▶ _Required action_:
Among the records that follow, find the line with "A hotel room" and the line with "red plate with meringues". Set down those lines and all lines between them exactly, without adding anything.

▶ _Material shown_:
══════
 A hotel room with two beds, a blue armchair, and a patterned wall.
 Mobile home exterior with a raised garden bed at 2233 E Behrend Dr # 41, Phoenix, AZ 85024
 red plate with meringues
══════
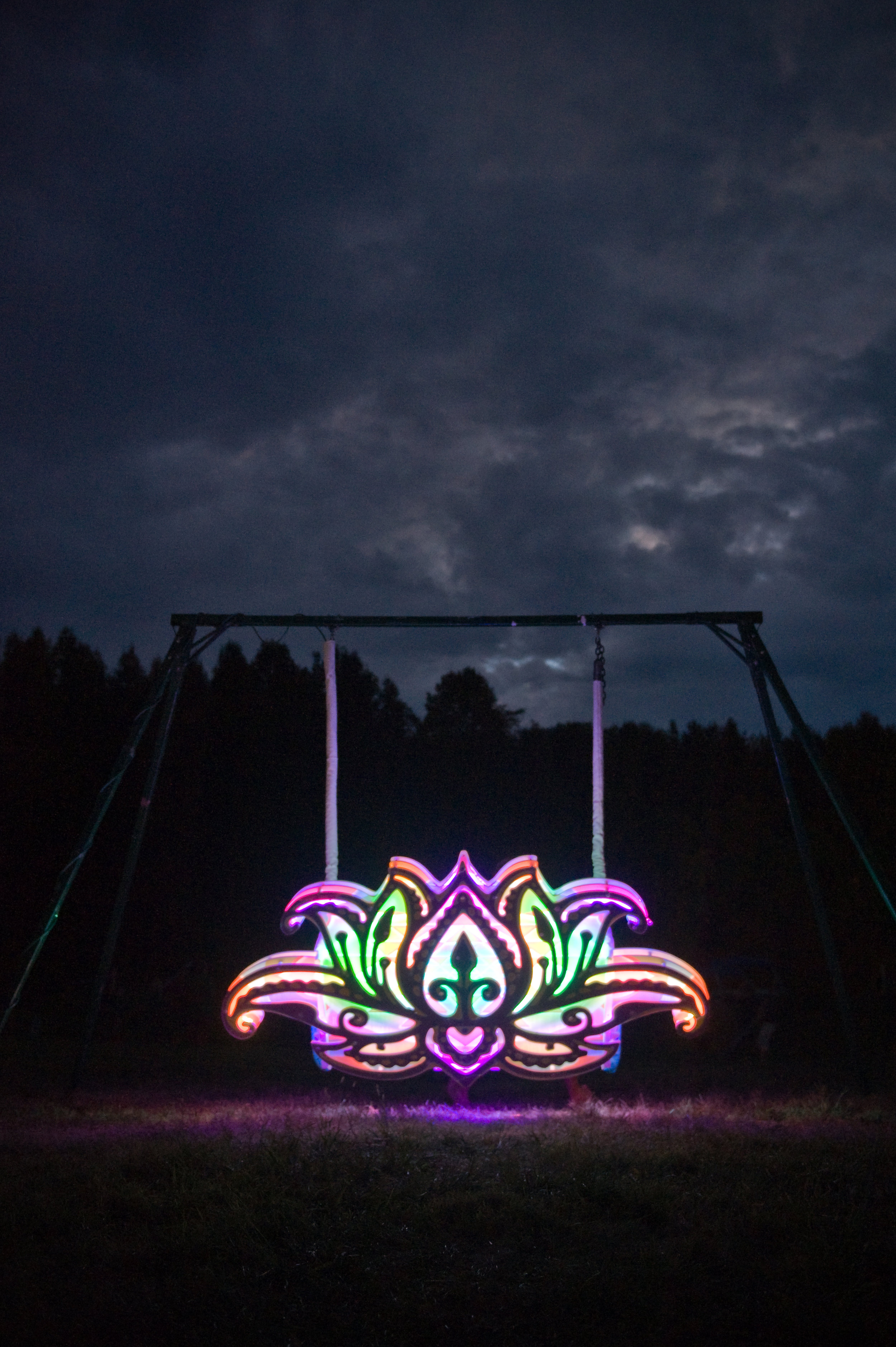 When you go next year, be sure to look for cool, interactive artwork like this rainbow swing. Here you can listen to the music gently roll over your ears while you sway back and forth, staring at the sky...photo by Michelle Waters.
══════
▶ _Response below_:
 A hotel room with two beds, a blue armchair, and a patterned wall.
 Mobile home exterior with a raised garden bed at 2233 E Behrend Dr # 41, Phoenix, AZ 85024
 red plate with meringues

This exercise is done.